(Stored records)
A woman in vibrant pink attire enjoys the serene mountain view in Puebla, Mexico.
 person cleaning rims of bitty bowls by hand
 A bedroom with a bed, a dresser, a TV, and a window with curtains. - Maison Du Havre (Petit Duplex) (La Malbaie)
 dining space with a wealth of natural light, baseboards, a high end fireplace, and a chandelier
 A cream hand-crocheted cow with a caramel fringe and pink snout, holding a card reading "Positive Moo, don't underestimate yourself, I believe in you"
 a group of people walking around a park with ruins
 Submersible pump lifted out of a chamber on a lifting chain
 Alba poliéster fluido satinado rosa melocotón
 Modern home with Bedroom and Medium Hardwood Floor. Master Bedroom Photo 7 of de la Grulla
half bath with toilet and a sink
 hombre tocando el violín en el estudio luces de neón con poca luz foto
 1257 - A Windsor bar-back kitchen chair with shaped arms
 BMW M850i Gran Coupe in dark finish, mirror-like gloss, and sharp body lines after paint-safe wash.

**Prompt**
From the line containing "Alba poliéster fluido" to the final line of the entries, print every line exactly and nothing else.

**Finished exercise**
 Alba poliéster fluido satinado rosa melocotón
 Modern home with Bedroom and Medium Hardwood Floor. Master Bedroom Photo 7 of de la Grulla
half bath with toilet and a sink
 hombre tocando el violín en el estudio luces de neón con poca luz foto
 1257 - A Windsor bar-back kitchen chair with shaped arms
 BMW M850i Gran Coupe in dark finish, mirror-like gloss, and sharp body lines after paint-safe wash.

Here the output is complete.